Foca
Brancusi era una máquina depuradora de volúmenes.
No es el único, tampoco su primer ejemplar fócido, ya que en la década anterior Brancusi esculpiría una foca idéntica en mármol blanco; una clonación en toda regla con variación de color. Lo animalista —junto a la exploración del cuerpo humano— es tema prioritario para el artista, quien a lo largo de su carrera ha colocado en pedestales —nunca neutros— a diferentes bichos, voladores y acuáticos.
Influido por las lecturas orientales de su biblioteca, como las del monje budista tibetano Milarepa (1052–1135) concluye: Hay una finalidad en cada cosa. Para llegar allí, uno tiene que liberarse de sí mismo.
Sintiéndose pues liberado y trabajando en constante investigación, el observador evoluciona hacia una visión altamente metafísica del mundo que le rodea, hasta convertirse en una máquina depuradora de volúmenes. Digamos que abraza la iconoclasía: lo real para él no es el aspecto externo de las cosas, sino la esencia de las mismas, aquello que no se ve.
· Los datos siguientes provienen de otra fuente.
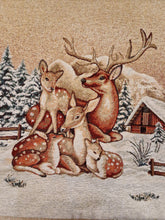 Carica l'immagine nel visualizzatore di Gallery, Fodere cuscino in gobelin - Fantasie natalizie 2023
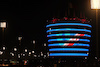 GP BAHRAIN, Circuit Atmosfera - illuminated building - Alpine F1 Team e Ferrari.
25.03.2021. Formula 1 World Championship, Rd 1, Bahrain Grand Prix, Sakhir, Bahrain, Preparation Day.
- www.xpbimages.com, EMail: requests@xpbimages.com © Copyright: Batchelor / XPB Images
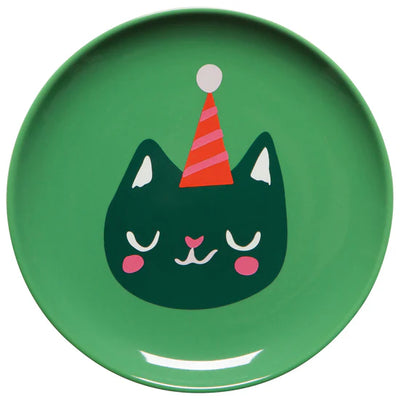 Appetizer Plates Set of 4 | Let it Meow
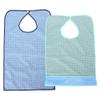 Crazy Sales Adult Bibs For The Elderly, TwoPiece HighGrade, Washable And Waterproof Bibs For The Canteen. Both Men And Women Can Eat The Bibs, Washable And Reusable view 1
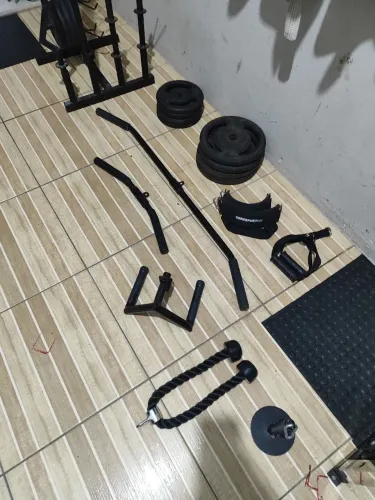 Equipamentos para musculação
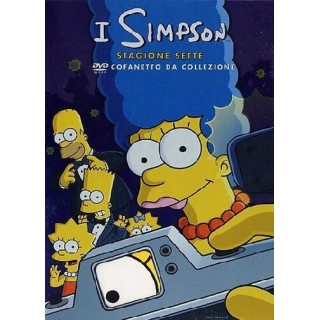 DVD I Simpson stagione 7 cofanetto collezione ITA usato ed. 20th Century Fox B66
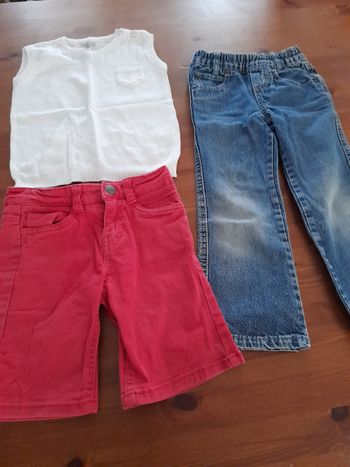 Vêtements garçon 4 ans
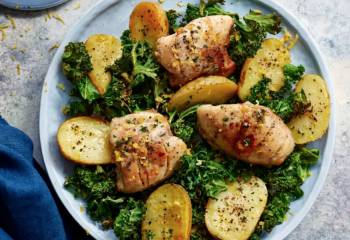 Sw Recipe: Chicken, Potato And Kale Bake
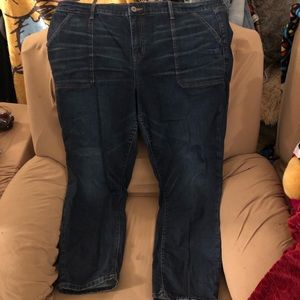 Torrid 24W jeans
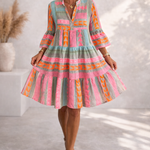 Rosalind | Flowing Midi Dress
Quizá lo único que lo hermana con escultores coetáneos impresionistas sea la técnica de la talla directa, muy a lo Michelangelo, además de la búsqueda del movimiento, inquietud que comparte con los futuristas italianos. El pedazo de piedra azulada se nos revela avanzando hacia nosotras/os gracias a la violenta diagonal que perfila, haciéndose sentir un animal delicado, casi flotante. Tales efectos son debidos al acuoso y trabajadísimo pulimento que juega a resbalar las luces que inciden en la superficie monolítica.
Asesorado por su amigo Man Ray, Constantine gusta de fotografiar y filmar sus esculturas en su estudio y sorprenderse a sí mismo con los efectos luminosos en los muy distintos materiales con los que replica sus obras: madera, acero inoxidable, piedra caliza o bronce pulido, entre otros.
Sabemos que estaría en vivo desacuerdo con la «etiqueta», mas es justo subrayar que pasados casi 80 años, su abstracción de este animal comulga enteramente con lo que hoy, en el siglo XXI, entendemos como modernidad.